Baron and FBN feel the first season of Procurement was a solid debut, compelled by the company reportedly tripling the amount of farmers on the network and upping the acreage upon which they collect data to over 9 million in the past two years.

“We started with comparing seed varieties, and that got our members extremely excited about all of the analytics, and they said ‘Hey, can you help us with pricing’,” Baron recalls. “So, we said let’s study it.”

By having its growers upload invoices directly to FBN from dealings throughout the retail chain, FBN gathered enough data to publish the Ag Chemical Price Transparency Report, which came out just last month.

“We found enormous disparities in the prices people were paying for products,” he remembers. “Be it retailers or co-ops or independent dealers, whomever, it’s not a statement against one or the other, it’s just a statement that farmers in different regions are paying significantly different prices for the same thing.”

Baron and FBN claim its members were paying as much as a 300% difference for the same products, in some cases the products were generic, and in some branded, and in local areas (often from different outlets under the same retail brand) its customers were paying a 40% difference in price at dealerships within an hour’s drive of each other.

“We were shocked – completely shocked, so we decided there was an enormous need for our members to have more transparent prices; they couldn’t tell what a fair price was,” Baron explains. “Number two, we wanted to get rid of the zone pricing, regional pricing, the rebate programs that were very confusing to our members, so they could actually do an apples-to-apples comparison.”

It should be noted that growers that sign on with FBN are not required to purchase inputs through Procurement, but they have the option to use FBN’s pricing to try to negotiate large-volume discounts with their local suppliers, as well.

Yes, the dreaded price-sheet that our own Paul Schrimpf wrote about back in February.

“And we’ve had hundreds of customers do just that, they’ve shared with us incredible stories of how much they’ve saved, and how important that is to them,” Baron says.

When confronted with the fact that what FBN is doing with Procurement (they’re not the only ones, BTW, Granular is also doing some work on price transparency in the market) competes directly with the local retailer – agriculture’s trusted advisor for hundreds of years – Baron points to a University of Illinois study released in July that found crop input prices have been on a steady rise since 2006.

“Farm income is under enormous pressure today, you have what is probably going to be a bumper crop on 90-plus million acres of corn, already depressed prices and a bearish outlook on the market now. The American farmer has got to save money in this market, they cannot keep going the same way.”

Now, here is where I will step in and offer a brief bit of editorial (that’s what we so-called-journalists do, after all).

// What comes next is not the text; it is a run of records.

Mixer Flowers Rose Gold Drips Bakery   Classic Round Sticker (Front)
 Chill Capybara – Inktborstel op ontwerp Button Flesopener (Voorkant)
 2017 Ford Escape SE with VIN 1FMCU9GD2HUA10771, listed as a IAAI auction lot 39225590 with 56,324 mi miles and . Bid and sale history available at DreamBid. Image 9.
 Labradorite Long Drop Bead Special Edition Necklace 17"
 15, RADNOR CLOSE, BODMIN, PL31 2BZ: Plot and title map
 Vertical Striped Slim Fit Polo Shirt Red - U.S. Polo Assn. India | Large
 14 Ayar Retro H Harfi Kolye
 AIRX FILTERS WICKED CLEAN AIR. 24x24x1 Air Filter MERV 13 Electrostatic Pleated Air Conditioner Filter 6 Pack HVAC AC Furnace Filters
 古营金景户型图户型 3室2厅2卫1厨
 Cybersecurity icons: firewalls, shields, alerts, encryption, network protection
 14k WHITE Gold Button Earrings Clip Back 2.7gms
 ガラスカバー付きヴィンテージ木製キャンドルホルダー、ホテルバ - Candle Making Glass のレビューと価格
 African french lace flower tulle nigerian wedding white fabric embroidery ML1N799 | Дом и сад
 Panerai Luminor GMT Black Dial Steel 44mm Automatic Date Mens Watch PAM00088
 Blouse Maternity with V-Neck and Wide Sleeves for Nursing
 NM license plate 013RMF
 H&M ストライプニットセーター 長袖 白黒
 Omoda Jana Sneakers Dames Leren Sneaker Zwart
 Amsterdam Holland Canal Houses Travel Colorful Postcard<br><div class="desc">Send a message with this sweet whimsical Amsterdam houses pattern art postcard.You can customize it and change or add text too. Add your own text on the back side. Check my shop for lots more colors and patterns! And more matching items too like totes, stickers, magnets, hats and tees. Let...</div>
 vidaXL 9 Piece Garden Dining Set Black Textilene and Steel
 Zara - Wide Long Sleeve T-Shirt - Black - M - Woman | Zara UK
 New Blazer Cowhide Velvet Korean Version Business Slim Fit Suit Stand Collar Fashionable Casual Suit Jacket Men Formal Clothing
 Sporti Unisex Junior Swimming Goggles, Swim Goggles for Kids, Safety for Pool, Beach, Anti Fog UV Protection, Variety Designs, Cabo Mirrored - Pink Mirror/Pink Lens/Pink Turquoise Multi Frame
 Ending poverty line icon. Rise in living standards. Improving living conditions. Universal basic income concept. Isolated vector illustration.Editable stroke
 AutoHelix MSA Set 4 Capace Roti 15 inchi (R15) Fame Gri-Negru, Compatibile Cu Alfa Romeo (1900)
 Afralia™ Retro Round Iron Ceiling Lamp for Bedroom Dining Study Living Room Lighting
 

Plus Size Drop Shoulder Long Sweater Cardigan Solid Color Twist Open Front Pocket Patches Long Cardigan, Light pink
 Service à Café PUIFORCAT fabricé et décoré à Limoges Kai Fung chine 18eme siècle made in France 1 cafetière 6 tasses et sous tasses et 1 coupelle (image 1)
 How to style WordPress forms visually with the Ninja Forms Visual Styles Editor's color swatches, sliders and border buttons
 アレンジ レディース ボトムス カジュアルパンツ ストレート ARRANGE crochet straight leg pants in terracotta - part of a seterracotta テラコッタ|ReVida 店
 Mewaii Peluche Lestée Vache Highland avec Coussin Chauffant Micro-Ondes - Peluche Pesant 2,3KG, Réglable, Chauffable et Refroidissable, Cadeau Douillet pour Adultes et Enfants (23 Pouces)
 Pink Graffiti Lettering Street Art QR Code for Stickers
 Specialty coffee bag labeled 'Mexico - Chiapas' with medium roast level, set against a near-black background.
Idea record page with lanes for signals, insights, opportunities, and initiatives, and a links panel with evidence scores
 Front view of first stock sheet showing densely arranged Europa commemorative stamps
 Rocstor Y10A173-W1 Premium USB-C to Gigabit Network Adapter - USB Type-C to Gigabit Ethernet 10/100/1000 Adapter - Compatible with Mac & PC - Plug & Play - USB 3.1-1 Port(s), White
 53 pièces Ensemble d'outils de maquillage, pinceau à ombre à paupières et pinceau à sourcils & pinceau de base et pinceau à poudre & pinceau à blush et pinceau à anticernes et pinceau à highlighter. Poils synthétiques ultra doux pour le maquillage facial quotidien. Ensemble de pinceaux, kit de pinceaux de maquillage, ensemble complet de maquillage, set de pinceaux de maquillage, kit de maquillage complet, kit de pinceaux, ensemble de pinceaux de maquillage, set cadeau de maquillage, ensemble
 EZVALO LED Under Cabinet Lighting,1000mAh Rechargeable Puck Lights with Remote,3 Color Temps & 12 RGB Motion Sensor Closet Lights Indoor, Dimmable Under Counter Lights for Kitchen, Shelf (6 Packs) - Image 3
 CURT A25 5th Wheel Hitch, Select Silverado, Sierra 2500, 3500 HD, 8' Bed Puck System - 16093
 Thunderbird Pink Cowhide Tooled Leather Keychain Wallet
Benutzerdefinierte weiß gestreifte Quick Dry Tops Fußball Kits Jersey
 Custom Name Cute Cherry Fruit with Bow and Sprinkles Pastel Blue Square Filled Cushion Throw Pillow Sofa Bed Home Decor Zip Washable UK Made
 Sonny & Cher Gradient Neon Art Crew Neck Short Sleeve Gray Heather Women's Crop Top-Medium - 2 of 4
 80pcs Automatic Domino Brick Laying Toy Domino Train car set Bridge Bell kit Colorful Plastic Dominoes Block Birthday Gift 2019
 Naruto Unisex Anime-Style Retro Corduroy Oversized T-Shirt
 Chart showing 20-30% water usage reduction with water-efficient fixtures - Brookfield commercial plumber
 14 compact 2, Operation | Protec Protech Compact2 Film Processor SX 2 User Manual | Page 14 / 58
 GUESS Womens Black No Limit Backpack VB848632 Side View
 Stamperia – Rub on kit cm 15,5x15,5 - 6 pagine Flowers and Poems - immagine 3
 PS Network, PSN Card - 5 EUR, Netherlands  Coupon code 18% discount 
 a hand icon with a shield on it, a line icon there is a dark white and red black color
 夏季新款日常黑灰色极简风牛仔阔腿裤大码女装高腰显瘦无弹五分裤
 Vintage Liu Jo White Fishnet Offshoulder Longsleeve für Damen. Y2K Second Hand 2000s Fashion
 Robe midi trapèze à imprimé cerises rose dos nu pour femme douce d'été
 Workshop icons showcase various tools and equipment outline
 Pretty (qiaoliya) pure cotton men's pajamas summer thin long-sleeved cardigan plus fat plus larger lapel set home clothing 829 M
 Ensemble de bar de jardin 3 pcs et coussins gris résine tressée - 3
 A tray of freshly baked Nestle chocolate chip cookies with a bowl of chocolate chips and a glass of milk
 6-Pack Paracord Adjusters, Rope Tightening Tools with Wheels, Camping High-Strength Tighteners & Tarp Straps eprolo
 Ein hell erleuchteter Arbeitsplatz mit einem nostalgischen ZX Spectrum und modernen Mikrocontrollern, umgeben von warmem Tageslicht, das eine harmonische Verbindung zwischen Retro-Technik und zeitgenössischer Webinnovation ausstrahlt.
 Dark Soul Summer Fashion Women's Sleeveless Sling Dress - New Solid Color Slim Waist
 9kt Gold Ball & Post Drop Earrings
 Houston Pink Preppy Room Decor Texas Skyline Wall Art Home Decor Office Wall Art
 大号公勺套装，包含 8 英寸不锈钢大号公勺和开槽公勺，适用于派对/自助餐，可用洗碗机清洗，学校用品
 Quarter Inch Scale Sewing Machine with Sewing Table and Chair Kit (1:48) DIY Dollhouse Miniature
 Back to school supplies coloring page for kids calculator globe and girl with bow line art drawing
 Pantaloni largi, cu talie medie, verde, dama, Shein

Since that February piece came out and ruffled some feathers, I’ve spoken with numerous sources throughout the industry on just what FBN Procurement means to the market. In all honesty, most don’t seem to be that worried about it, reasoning that there will always be growers that get big enough to want to go it alone on certain aspects of the operation to save some money, and conversely there will always be guys that need that local touch/expertise from the trusted advisor, and are willing to pay for it.

Can both play nicely with each other and co-exist in a contracted market? That remains to be seen.

“Farmers are extremely comfortable buying online, and many have the ability and know-how to buy and mix and apply their own chemicals, and there are also going to be farmers that want to use their local supplier or rely on advice from the local retail agronomist, and we’re open to working with those parties, too. A lot of our farmers work with independent agronomists, we are more than happy to help with connections there, too.

“It’s just a modern model for modern farmers who want to do business in new ways, and are very focused on using new techniques.”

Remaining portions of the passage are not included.